Bless you for a deep and thoughtful post on this Veteran's Day.. and gratitude to those of your family who served... Wishing you peace for all that the stories and losses have meant to you.

I remember a West Wing episode .. where the President ordered a bombing ... while attending a musical performance... the last line of the finale was "What was triumphant in war has been made glorious in peace."
War is all of that, I suppose.

Ah yes, Minnesota voters!! The senatorial results are still in limbo. It should be noted that for the last 3 weeks before the election, the Republican Senatorial election committee poured millions of dollars into the coffers of the TV stations here with their hateful negative ugly comic-like anti-Franken ads .. after Coleman had said he was stopping his negative ads.

Wow, after this long comment, I hope other people will comment too....

David said...


I was channeling you last weekend in my racing double. Thanks for the shirt.

CewTwo said...

I love the way that you combine human baser emotions in your posts. I smile, I frown, I laugh, I contemplate life.

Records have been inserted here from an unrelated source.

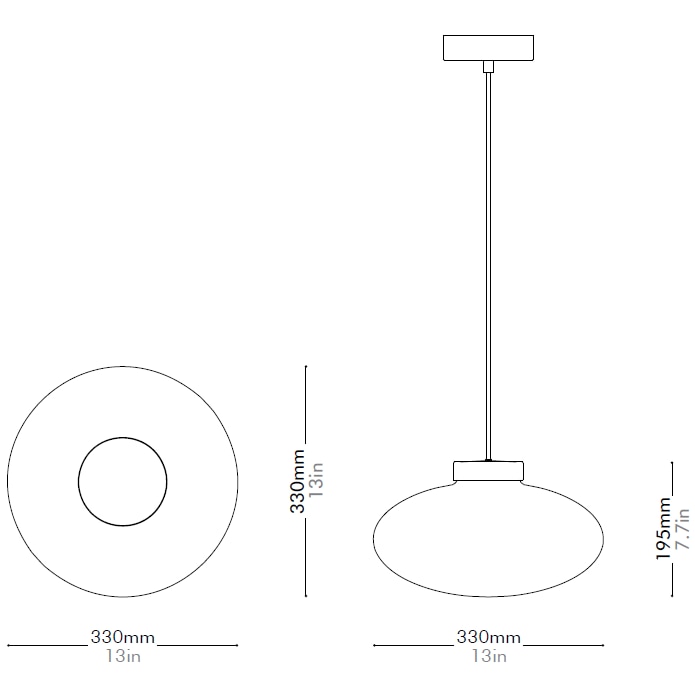 Mūn Pendant Large Suspension Dimensions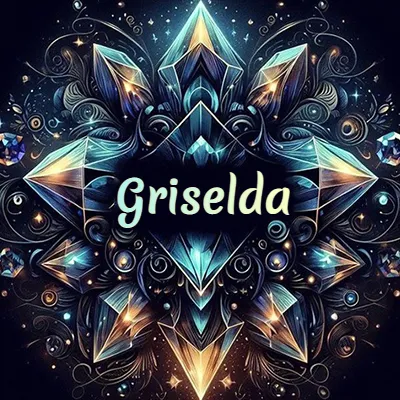 Obra de arte lujosa con cristales y piedras brillantes, nombre en el centro sobre fondo oscuro. - Griselda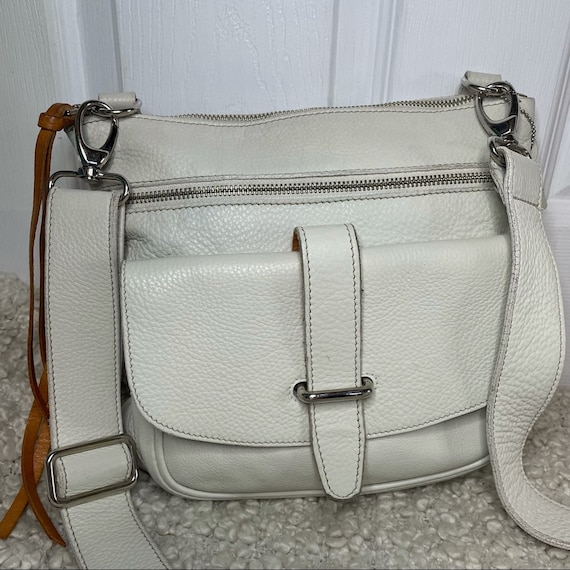 Roots White Leather Adjustable Crossbody Purse Bag - image 2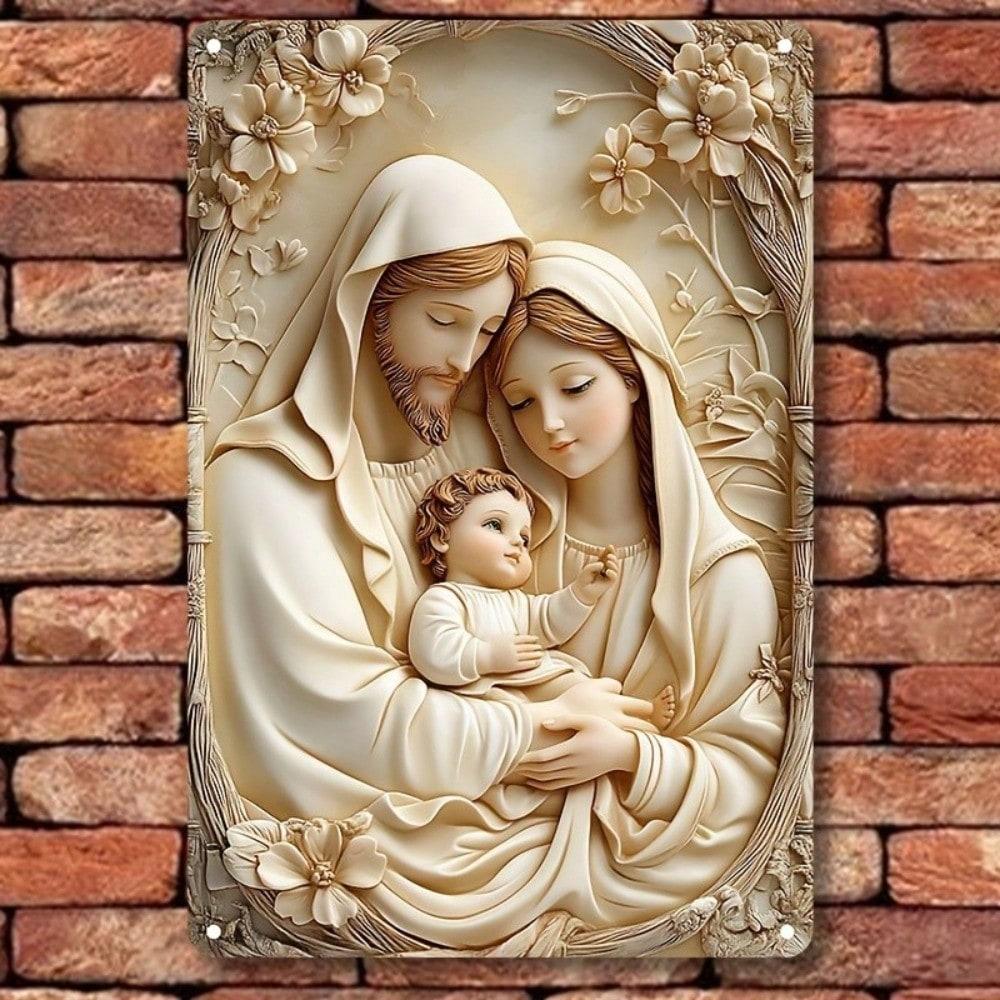 Винтажное оловянное металлическое настенное панно «Святое Семейство» 8x12 дюймов Ретро Религиозный Декор Рустик Кухня Кафе Вывеска разноцветный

Thanks, Peter! I am a vet. No war, no action... Just a missileman in a very safe area. The only stories I have are of long hours, lots of inspections, and excellent memories of other men that served in the same place and at the same time. I still communicate with some of those that I served with!

Rainmaker said...

It's amazing to see the photos of that ridge (and that island) during the war. Looks more like a bombed out sand lot with not a strain of vegetation on it.

Very well thought through post.

ShirleyPerly said...

Nice tribute to your dad. Sad that he passed away so relatively young. Being a history nut and a former Marine, I'll bet my husband knows about Peleliu. Thanks for educating me.